The law which governs the claiming of bad debt relief is The VAT Act 1994, Section 36, and Section 26A which covers the repayment of input tax when a customer fails to pay for supplies received within six months of the relevant date, and The VAT Regulations 1995, Parts XIX, XIXA and XIXB.

Conditions for claiming bad debt relief

  • A business must have accounted for the VAT on the supplies and paid it to HMRC
  • It must have been written off the debt in its day to day VAT accounts and transferred it to a separate bad debt account
  • The value of the supply must not be more than the customary selling price
  • The debt must not have been paid, sold or factored under a valid legal assignment
  • The debt must have remained unpaid for a period of six months after the date of the supply

The case

In the First Tier Tribunal (FTT) case of Total Catering Equipment Ltd [2019] TC 07184, heard on 4 June 2019, the issue was whether payments from customers which were diverted by a dishonest employee should be recognised as a payment for a supply of goods (no BDR available as the money was received then stolen) or whether the fact that the business did not actually receive the payment meant that a BDR was appropriate.

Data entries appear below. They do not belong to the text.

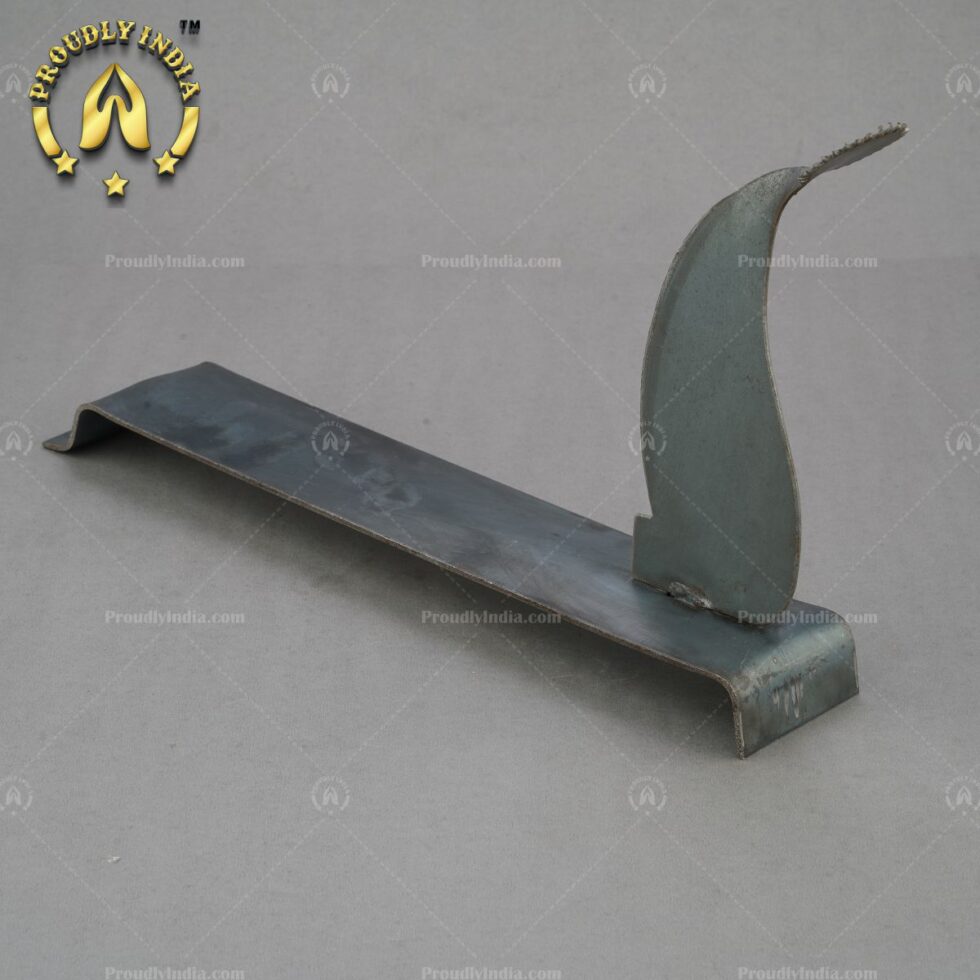 Iron Aruvamanai with Coconut Grater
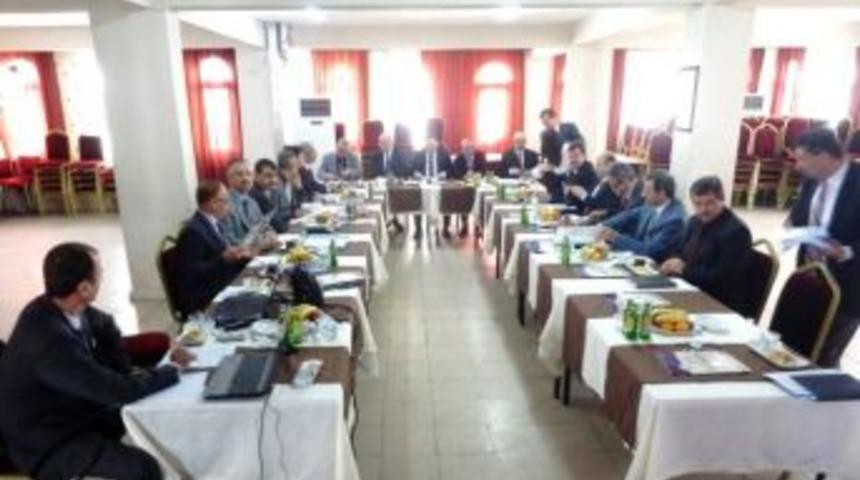 K&uuml;tahya İl&ccedil;e Milli Eğitim M&uuml;d&uuml;rleri Toplantısı Gediz&rsquo;de Yapıldı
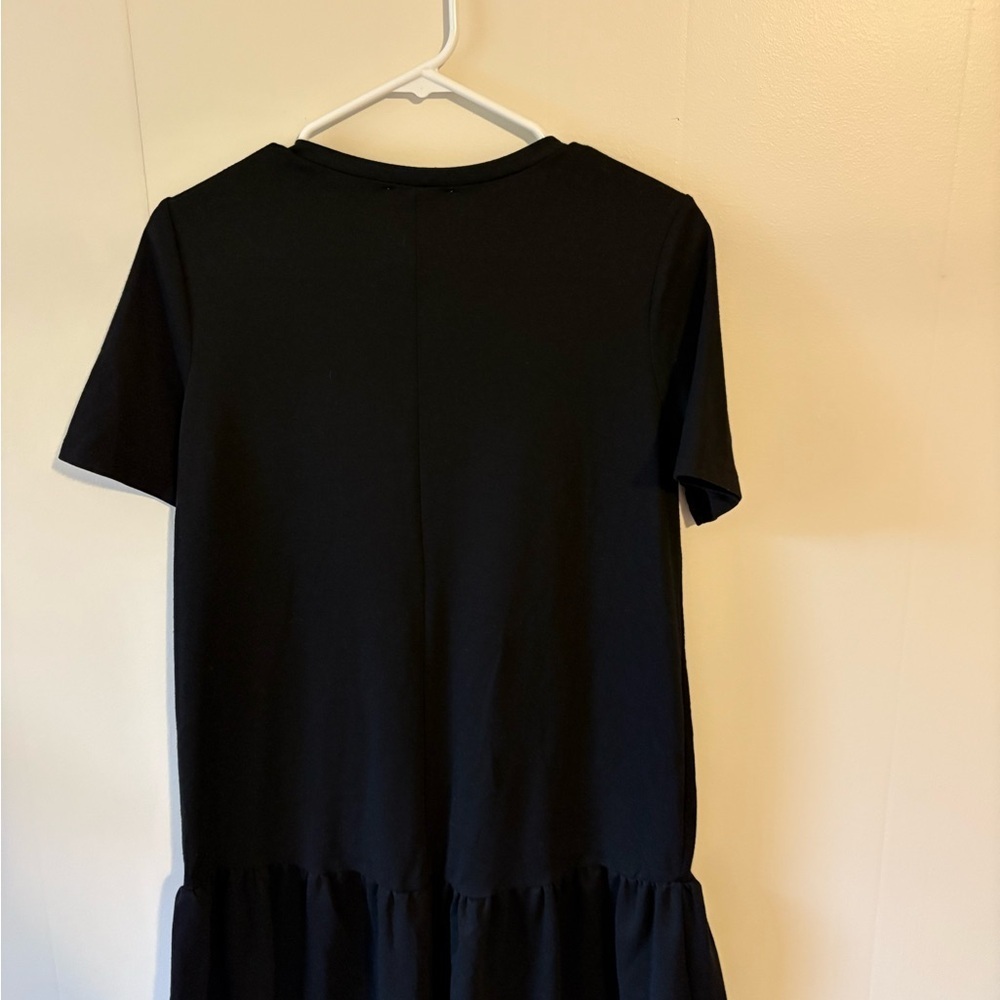 Zara Classic Black Dress - Picture 3 of 3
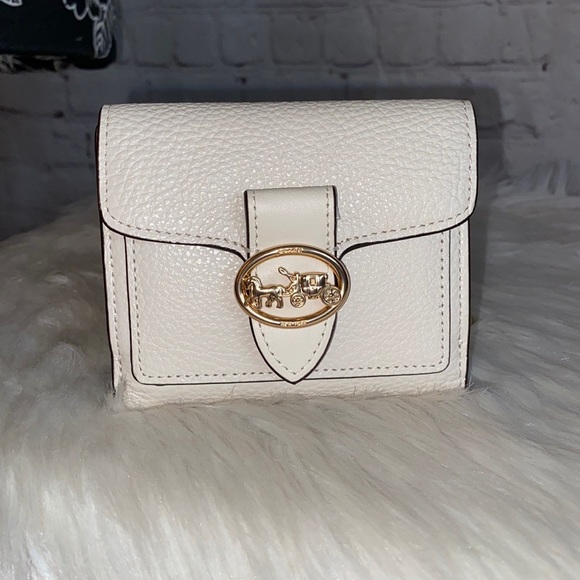 Coach Handbags - 🌺Coach GEORGIE Wallet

Total supplied goods to customers, some of whom paid by credit or debit cards. The member of staff responsible for these transactions, set up a separate (from the business) bank account and fraudulently diverted customers; payments into his own account. A BDR claim was made by the appellant when the crime was discovered. The claim was refused by HMRC on the grounds that the employee had received payment “on behalf” of Total before making payment into his own account.

Decision

The judge found for the appellant. The appeal was allowed – it was decided that Total had never actually received payment for the goods supplied, so BDR was available. A distinction was made between the diversion of monies in this case (where the supplier was deemed to never had received the money) and a theft by an employee from, eg; a till or subsequent withdrawals from the business’ bank account (where a business would have received payment before the money was stolen).

Commentary

I have written about VAT and illegal activities here. There can be a fine line between taxable illegal activities and non-taxable illegal activities, and subtleties around tax points (time of supply) misrepresentation and consideration. If you, or your clients have been in the unfortunate position of being on the receiving end of crime, it would be adding insult to injury to have to account for tax on money you do not have. I would always advise that any demands from HMRC, or refusals to refund VAT should be properly reviewed.